I decided to start a series of blogs where I interview key people in the SQL Server community. Instead of me asking technical questions, I plan on asking about their outlook on the future, books they read (non-fiction and/or technical), and their overall thoughts on where technology (mainly SQL Server) is headed. You can find more interviews here.
Next up: Bob Pusateri (b | t):
Mohammad: Do you think people who dismiss the cloud as a “fad” or just don’t take it serious enough to learn about it (i.e. Azure, AWS, etc), will be in a tough spot to find a job 5 years from now?
Bob: I definitely see SQL Server becoming more cloud and/or service-focused with time. I think we’re seeing that already with now-yearly releases for on-premises. I think in the next five years we’ll continue to see new development in many cases be cloud-focused from the beginning. There will always be organizations and use cases where the cloud just doesn’t make sense or isn’t an option though. These are things like old code that just won’t play nice, or databases with massive levels of size or activity where cloud pricing just isn’t economical.
Mohammad: Do you ever see the traditional SQL Server DBA role being replaced/eliminated?
Bob: I don’t think the traditional DBA role will ever be replaced or eliminated, but it will continue to evolve. I think a lot of parts of the job that involve maintaining the data and its storage will start to become more scarce, as things move to the cloud, while architectural and tuning tasks will become more important. When every query costs money, organizations are going to start to care about optimizing their code more!
Mohammad: What are you most proud of doing/accomplishing for the SQL Server community so far in your career?

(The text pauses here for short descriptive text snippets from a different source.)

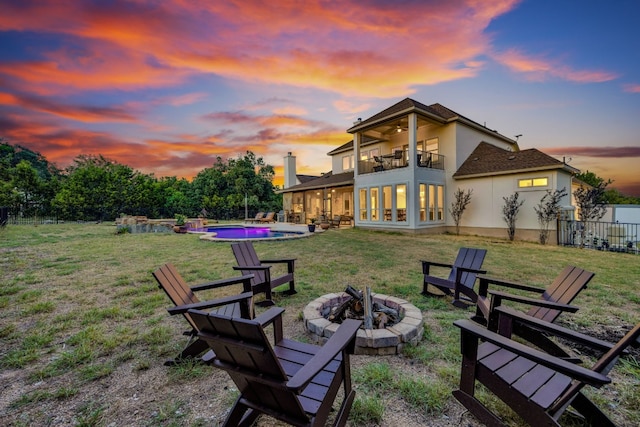 yard at dusk with a balcony, a fenced in pool, a patio area, and an outdoor fire pit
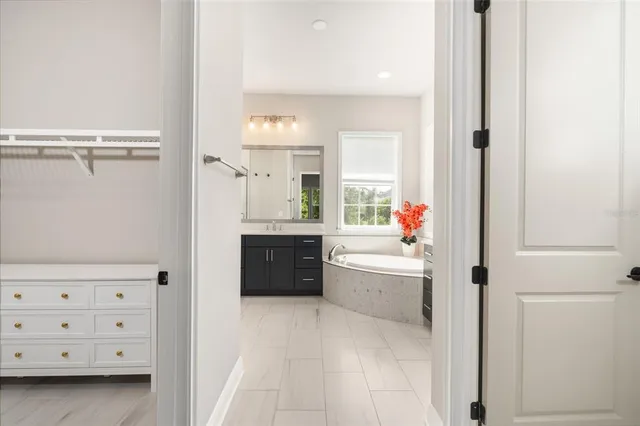 a view of an empty room with a window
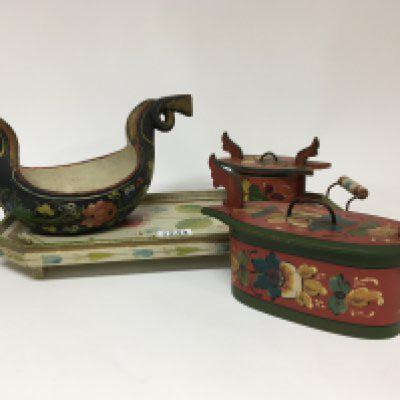 A Norwegian folk art hand painted early 20th century Kasa a tray and two other shaped storage boxes
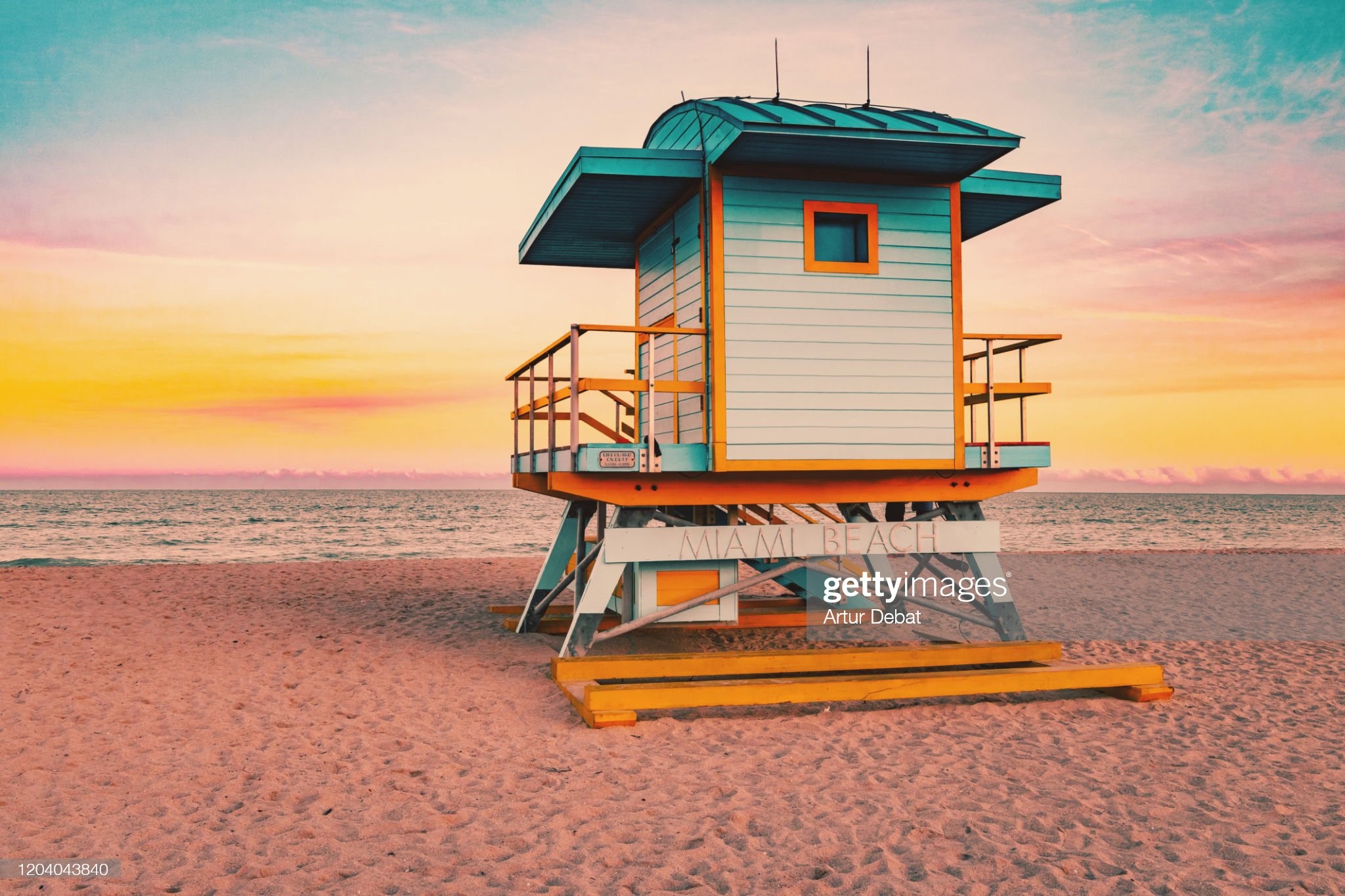 Colorful Miami Beach lifeguard tower with stunning sunset sky and empty beach.
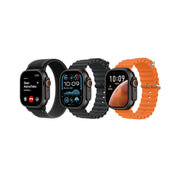 Four smartwatches with different colored bands on a white background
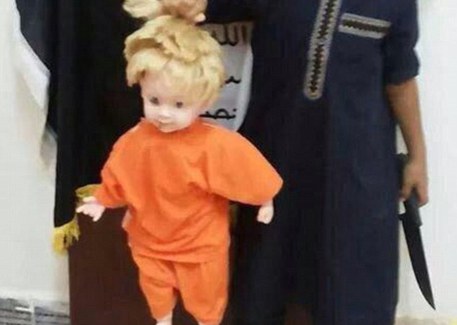 Bimbo decapita una bambola su Twitter, come durante l'esecuzione di James di Foley. C'è anche la bandiera dell'Isis © Ansa
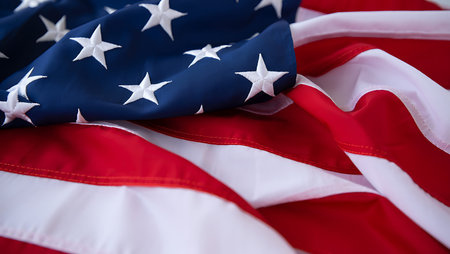 A detailed close-up shot of an American flag reveals the texture of the fabric and the stitching....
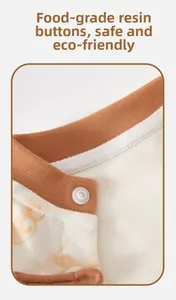 Detail of baby romper neckline featuring a safe resin button and soft cloud pattern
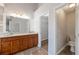Bathroom featuring double sink vanity with granite countertop, tile floors, and access to water closet at 1561 Cooks Pond Dr, Powder Springs, GA 30127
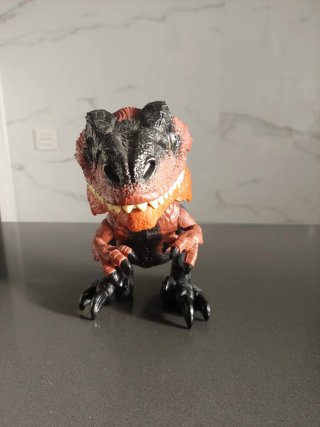Dinosaurio de juguete rojo y negro Con sonido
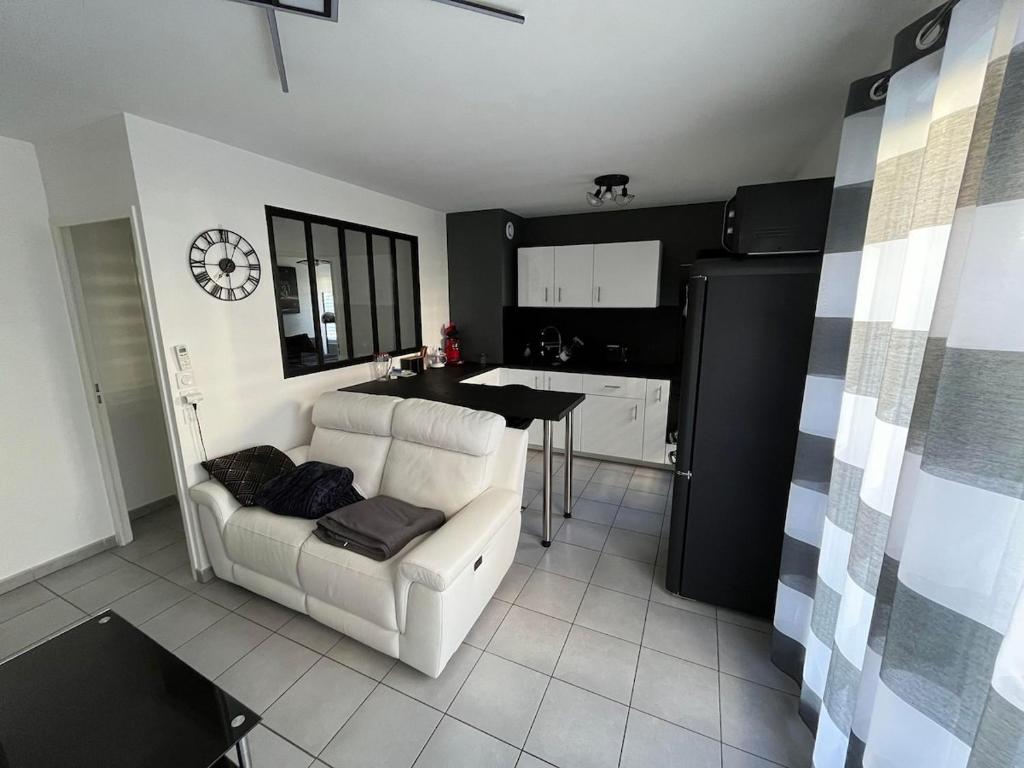 un salon avec un canapé blanc et une cuisine dans l'établissement Since 1996 - Groupama Stadium, LDLC Arena, Eurexpo, Lyon, Appartement Calme, à Décines-Charpieu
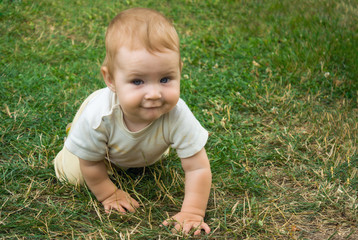 Little toddler boy trains his crawling skills. The child happily crawls on the green grass. Toddler smiles and moves on all fours around the yard in the open air.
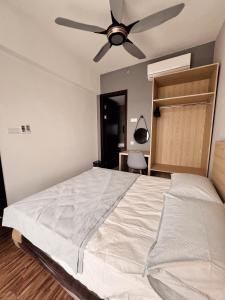 Postel nebo postele na pokoji v ubytování K-Avenue by FFix-Stay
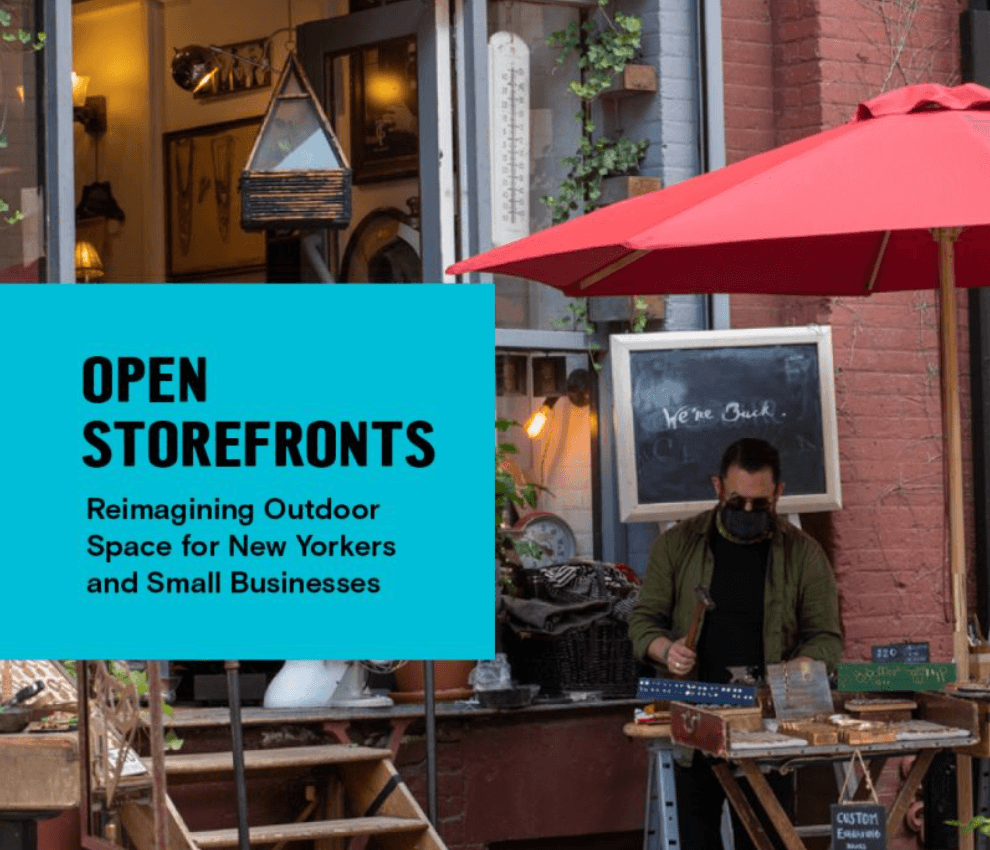 Open Storefronts text next to scene of man sitting at an outdoor table with umbrella overhead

Bob: Without a doubt, the thing I am most proud of doing within the community is helping new members get started. Making sure they have a great experience and make a new contact at their first SQL Saturday, chapter meeting, or other event. It may not sound like much, but first impressions really do matter. From there, the best feeling in the world is when they enjoy it enough to come back to the next chapter meeting, or go to another SQL Saturday, and maybe get involved in volunteering themselves.
Mohammad: What non-technical/non-fiction book/s would you recommend? If you only read technical books…what do you recommend?

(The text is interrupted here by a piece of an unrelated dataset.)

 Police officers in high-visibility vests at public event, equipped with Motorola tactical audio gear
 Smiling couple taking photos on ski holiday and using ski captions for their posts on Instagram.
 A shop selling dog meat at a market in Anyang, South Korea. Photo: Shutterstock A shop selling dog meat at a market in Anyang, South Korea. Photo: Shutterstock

Bob: Every once in a while I get an opportunity to read a non-technical book. One of the ones I most recently enjoyed was “How the States Got Their Shapes” by Mark Stein. This book covers the borders of every US state and how they came to be what they are today. Incredibly interesting.
Mohammad: For someone who’s career focus has been on one aspect of SQL Server (i.e. Database Engine), do you think it would be wise for them to become a “jack of all trades” by starting to learn, SSRS/IS/Azure, etc. or remain focused on their area of expertise? In another words, which would you say is more valuable? mile wide / inch deep or inch wide / mile deep?

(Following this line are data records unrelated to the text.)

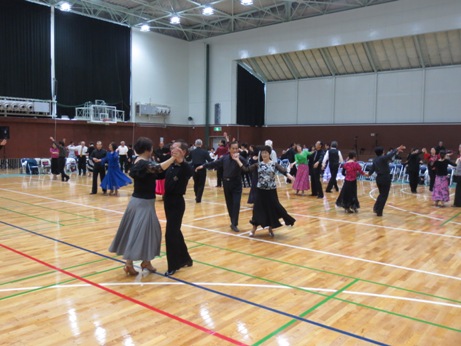 様々なカラフルな色の衣装を身にまとった女性と男性がダンスを踊っている様子の写真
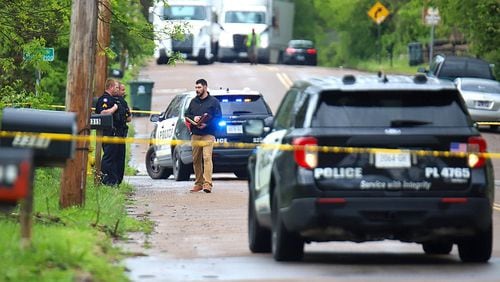 An investigator speaks with officers. Police tape of an area of the 3300 block of Dodson Avenue following a shooting April 14. (Photo Courtesy of Olivia Ross)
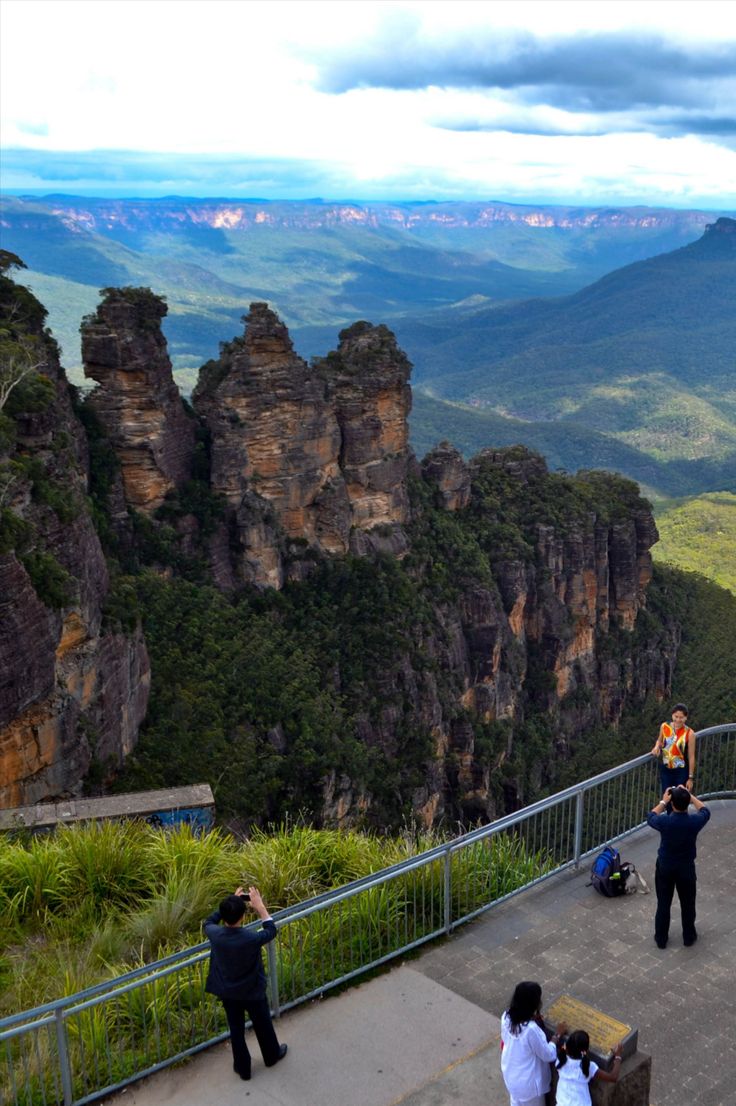 people standing on the edge of a cliff looking out at some mountains and trees in the distance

Bob: I think specializing will always have more value than being a generalist. I don’t advocate for being a “jack of all trades” but what I will say is that you can’t be a specialist in a hole either. Keep up with new developments and other technologies enough to understand what they are, what issues they address and their strengths/weaknesses. Nobody can ever be a master of everything; but I’d rather be really good at one thing than just so-so at many things.